Booster immunization :
IM: 0.5 mL per dose. Any patient who has not previously received a dose of Tdap should receive a dose of Tdap, regardless of interval since last tetanus- or diphtheria-containing vaccine. A booster dose of either Td or Tdap should be administered every 10 years throughout life.
Tetanus prophylaxis in wound management :
IM: Tetanus prophylaxis in patients with wounds should be based on if the wound is clean or contaminated and the immunization status of the patient, including time from last tetanus-containing vaccine. Wound management includes use of tetanus toxoid and/or tetanus immune globulin (TIG) where appropriate, wound cleaning, and (if required) surgical debridement and the proper use of antibiotics. Patients with an uncertain or incomplete tetanus immunization status should have additional follow up to ensure a series is completed. Patients with a history of Arthus reaction following a previous dose of a tetanus toxoid-containing vaccine should not receive a tetanus toxoid-containing vaccine until >10 years after the most recent dose even if they have a wound that is neither clean nor minor.
小兒調整劑量
Booster immunization:
Children >10 years and Adolescents:
IM 0.5 mL as a single routine booster dose at age 11 or 12 years in children who have completed a childhood vaccination series, followed by additional booster doses of either Td or Tdap every 10 years.

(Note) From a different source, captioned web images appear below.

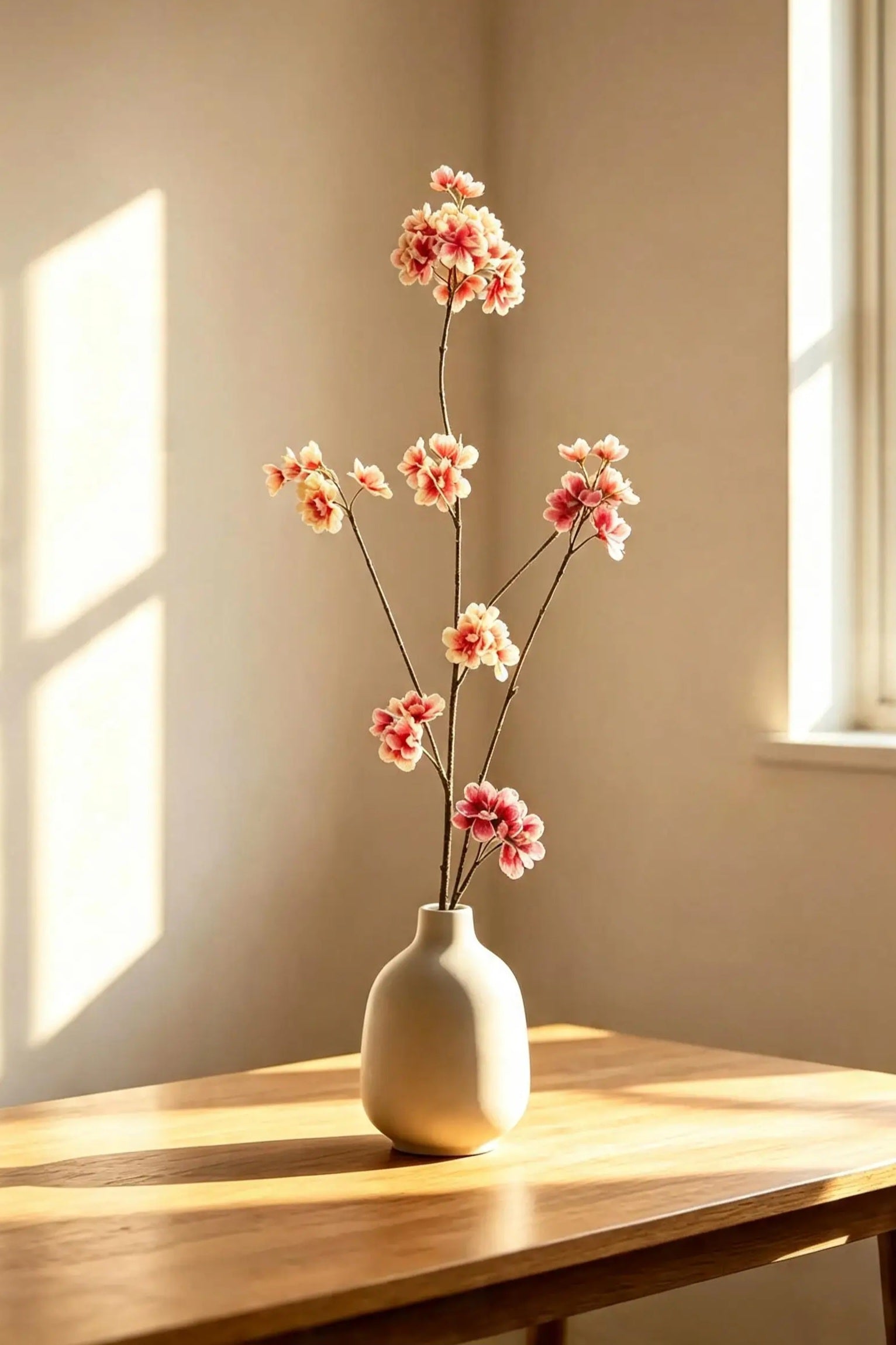 Zijden Prunus Tak - Vermillion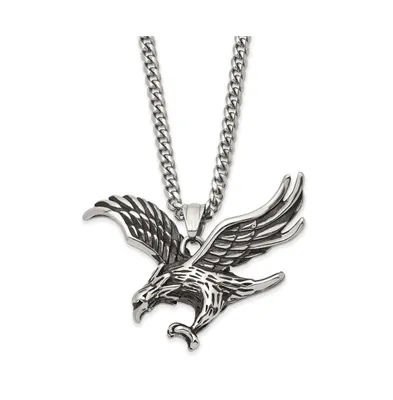 Chisel Antiqued and Polished Eagle Pendant on a Curb Chain Necklace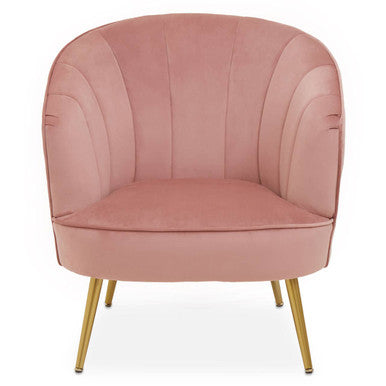 Pink armchair with gold legs on a white background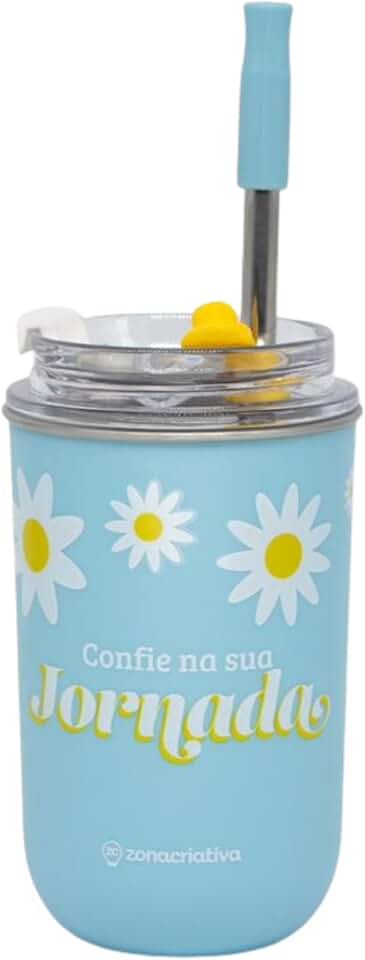 Zonacriativa – Copo Neo com Canudo 300ml Amigas Primavera | Copo em Aço Inox com Tampa de Pressão e Estampa Floral | Hidratação e Estilo para Compartilhar com sua Melhor Amiga
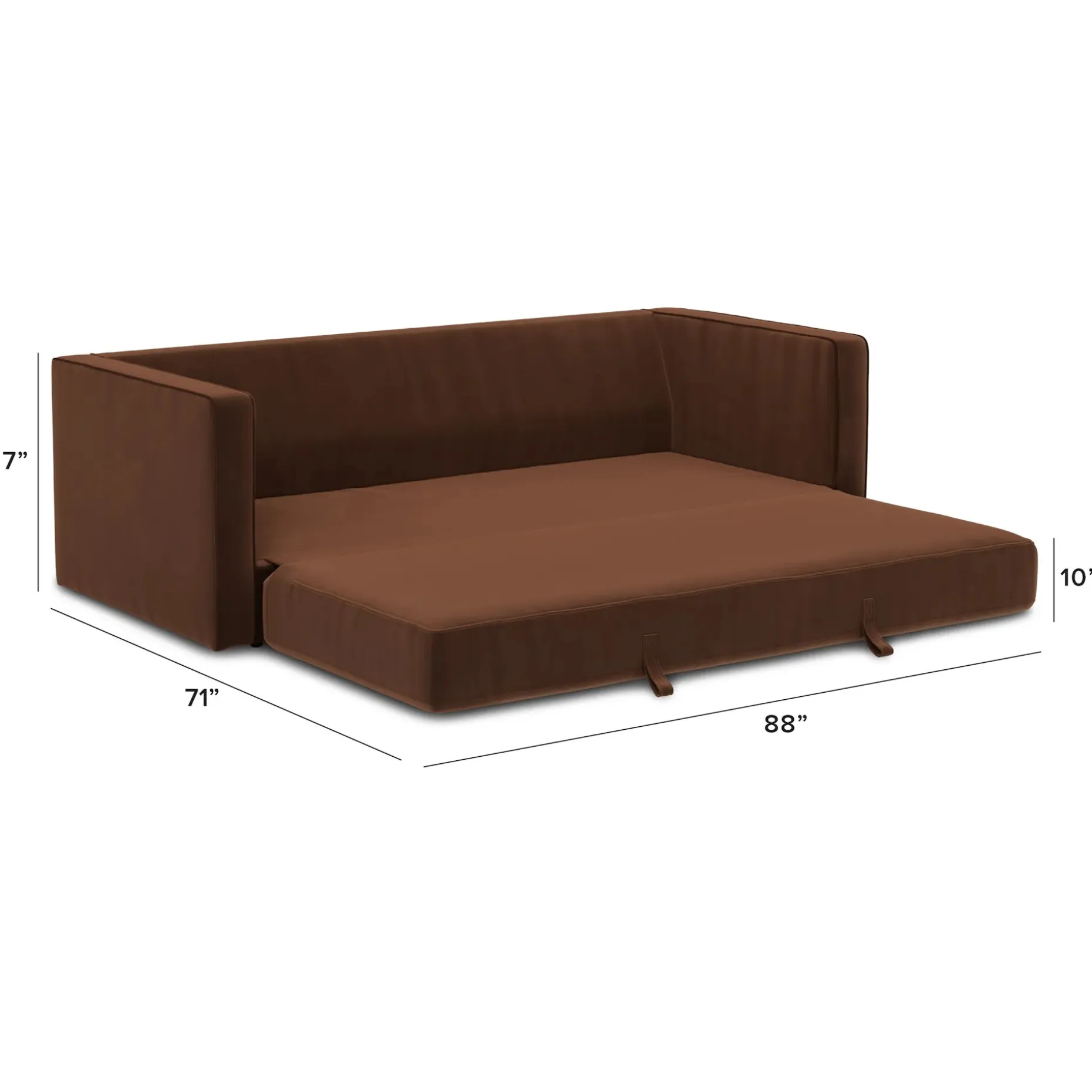 Sven 88" Tufted Velvet Sofa Bed - Plush Pacific Brown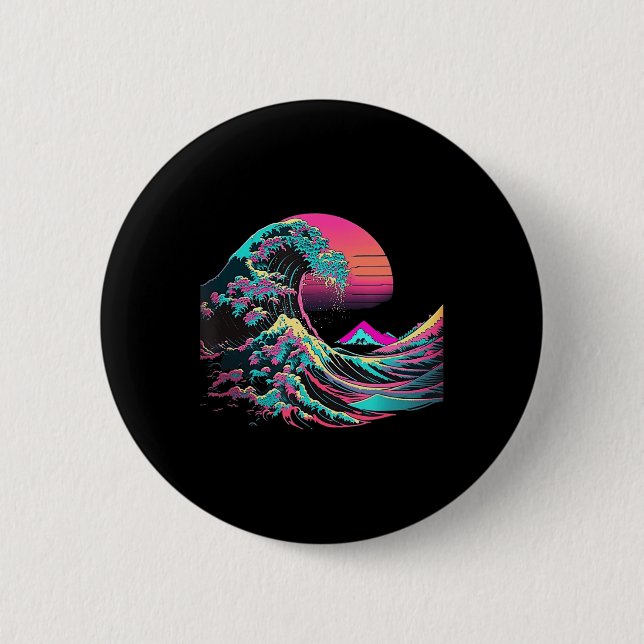 Vaperwave Ästhetische Glitch Great Wave Retrowave  Button (Vorderseite)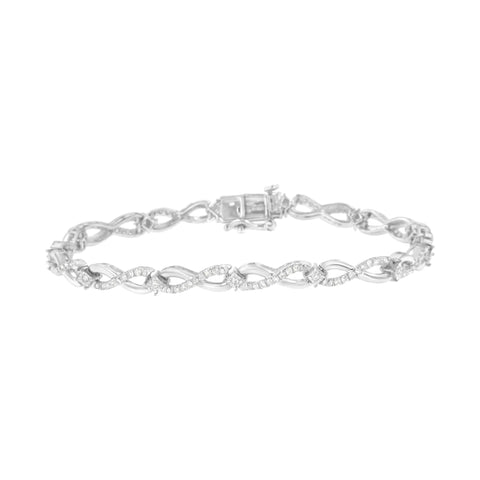 .925 Sterling Silver 1.0 Cttw Prong Set Diamond Infinity Link Bracelet (I-J Color, I2-I3 Clarity) - 7.25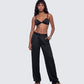 Suzanna Black Satin Gathered Bra Top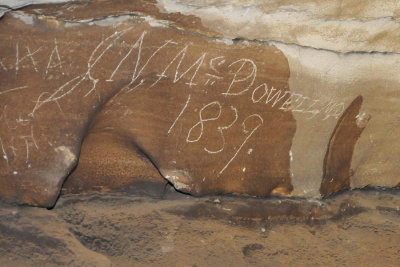 1839 signature of a doctor who set up a TB clinic in the cave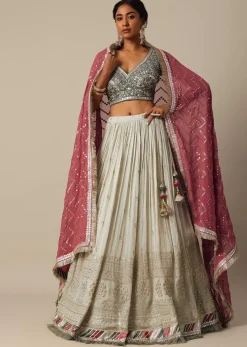 Grey Embroidered Lehenga Set With Zardozi Work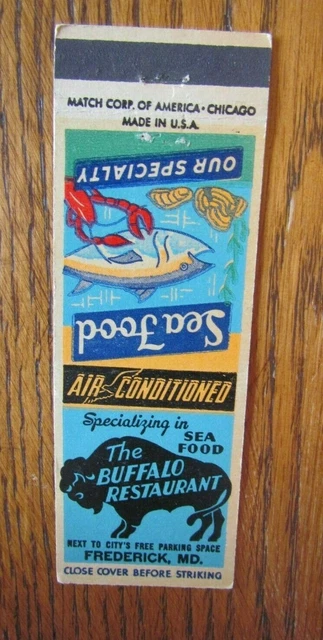 Animal Lobster Matchbook Matchcover: Buffalo Restaurant (Frederick, Maryland) F1
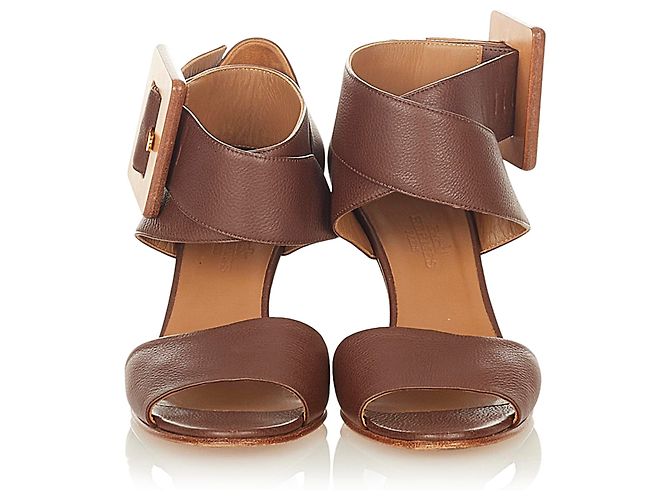Hermès Sandali con zeppa in pelle marrone Hermes Marrone scuro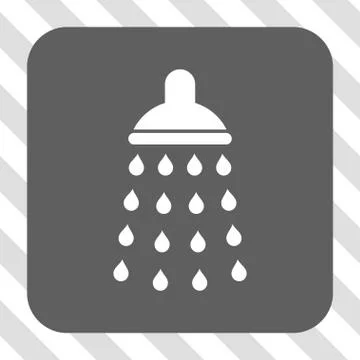 Shower Rounded Square Button Stock Illustration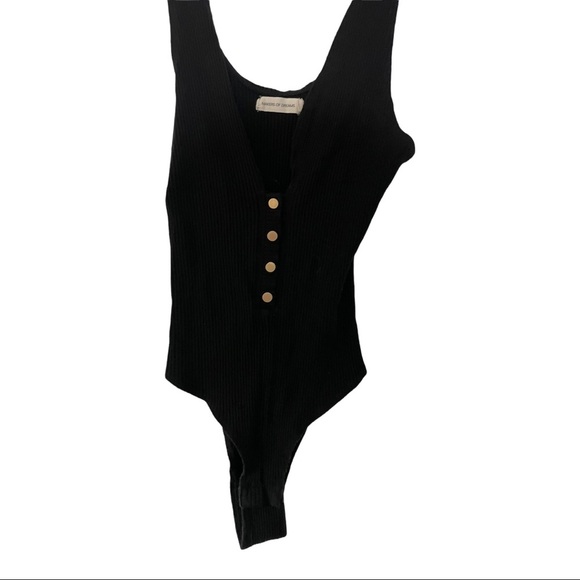 Makers of dreams bodysuit front snap buttons ribbed black size Small. - Picture 9 of 10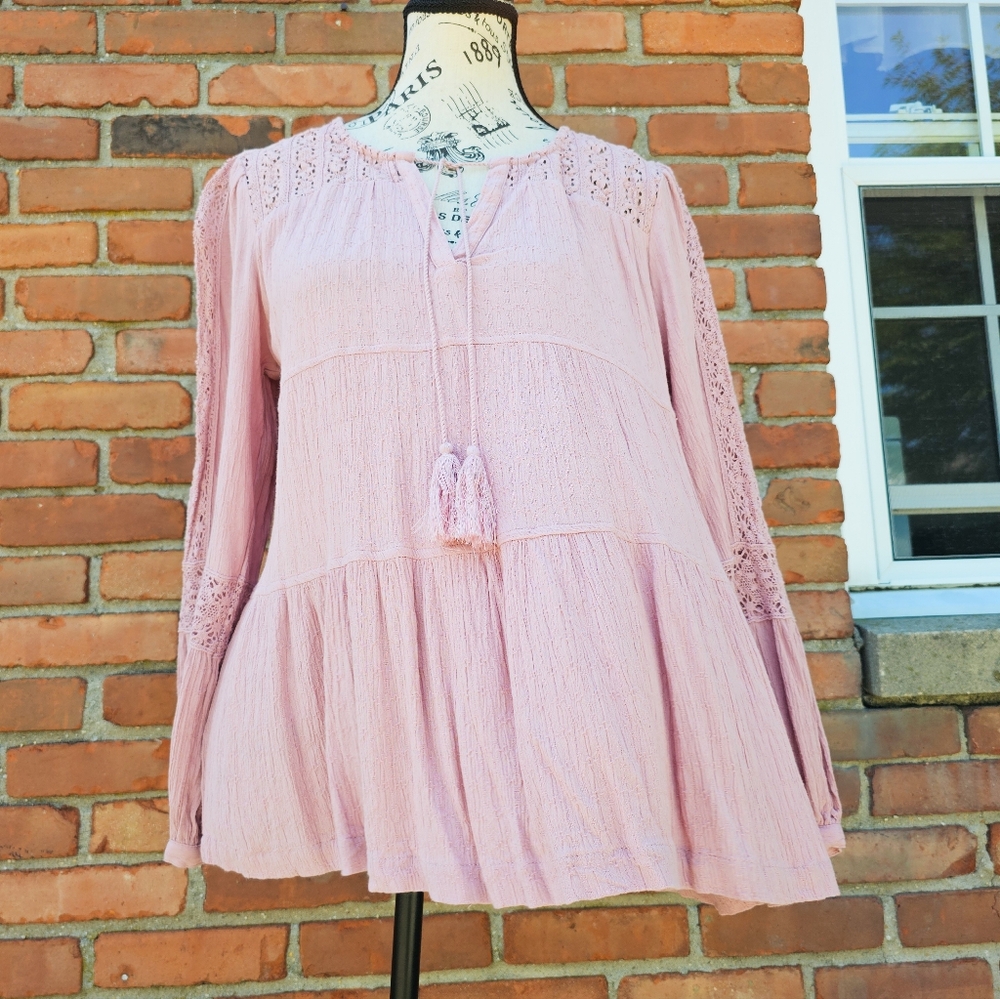 Lucky Brand Dusty Pink Boho Lace Peasant Blouse – XS (S/M Fit)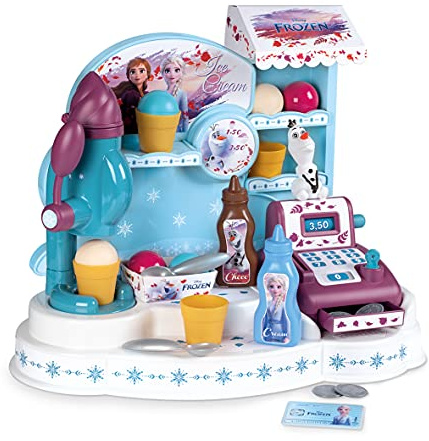 Smoby – Frozen - Die Eiskönigin – EIS-Shop mit Registrierkasse inkl. 22 Zubehörteile und 1 Olaf-Figur – für Kinder ab 3 Jahren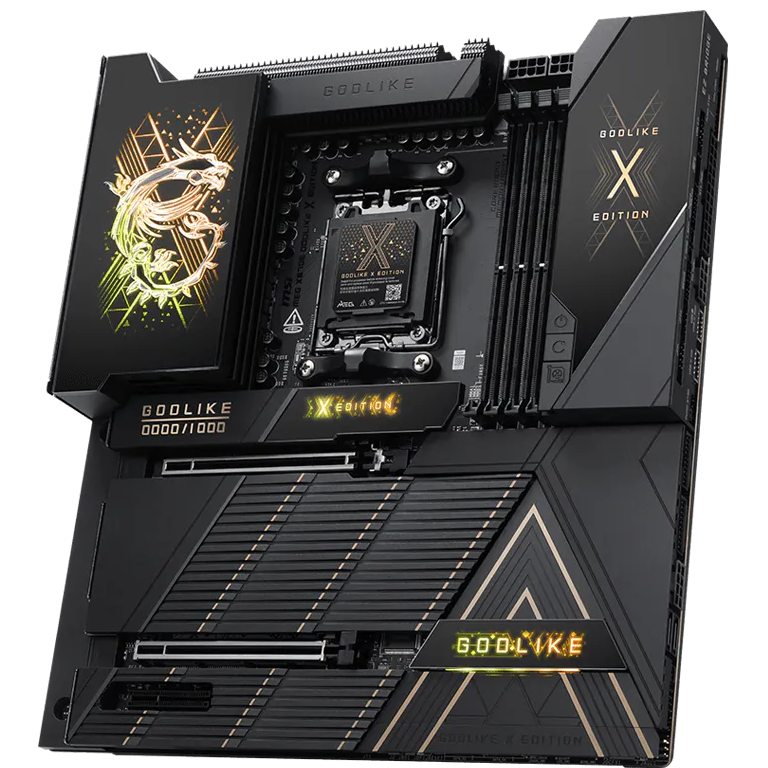 A large main feature product image of MSI MEG X870E X GODLIKE AM5 eATX Desktop Motherboard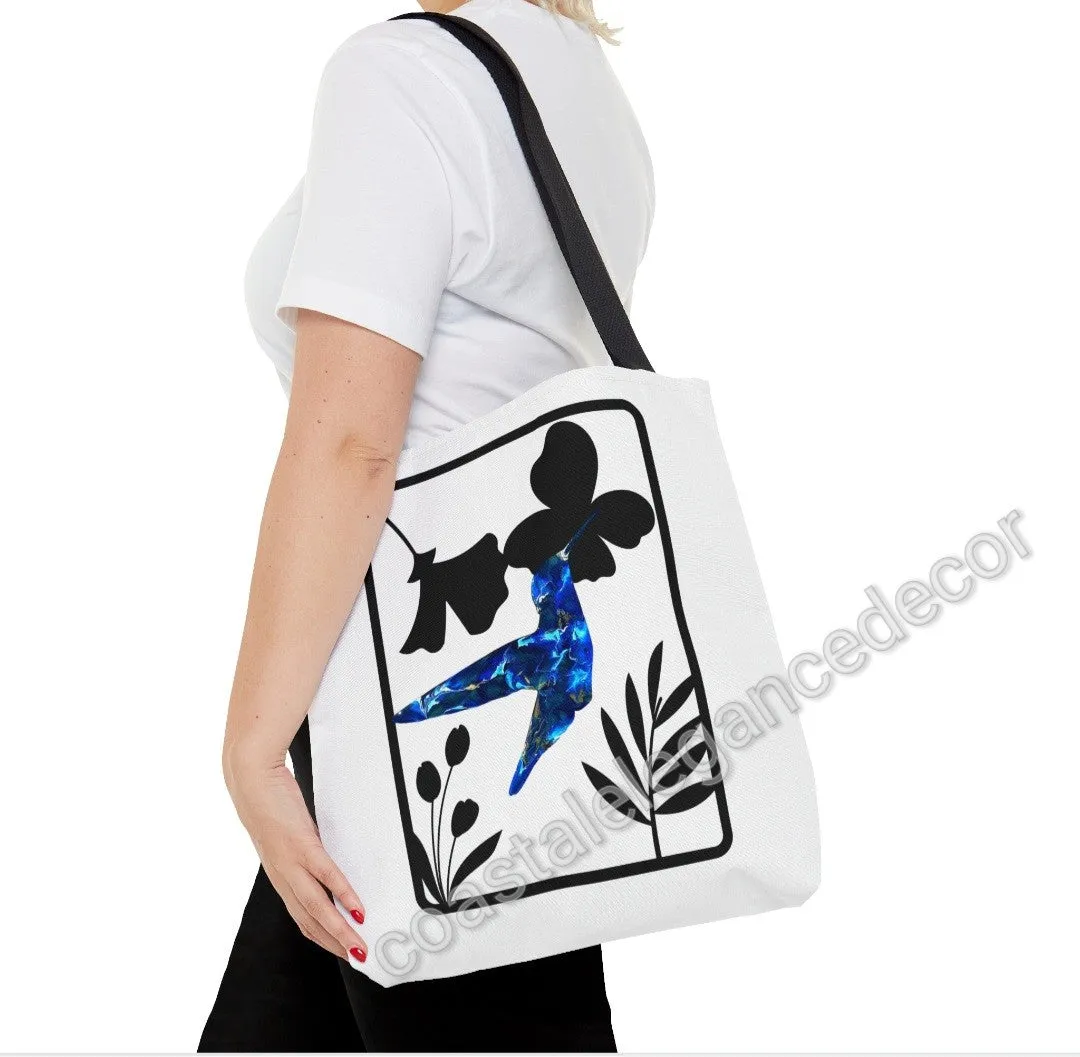 Blue Hummingbird with Modern Black Flowers Tote Bag 2 sizes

Note: If Tdap was given either inadvertently or used as part of catch-up dosing at 7 to 9 years of age, it should not be counted as the adolescent booster dose and the child should still receive a Tdap booster between ages 11 to 12 years. At age 10 years, Tdap doses given as part of catch-up series or DTaP doses given inadvertently may count as the adolescent Tdap dose.
Tetanus prophylaxis in wound management:
Children >7 years and Adolescents: IM 0.5 mL as a single dose.
腎功能調整劑量
肝功能調整劑量
安定性
Refrigerate at 2 to 8 degrees C. Do not freeze. If the vaccine had froze, please throw away.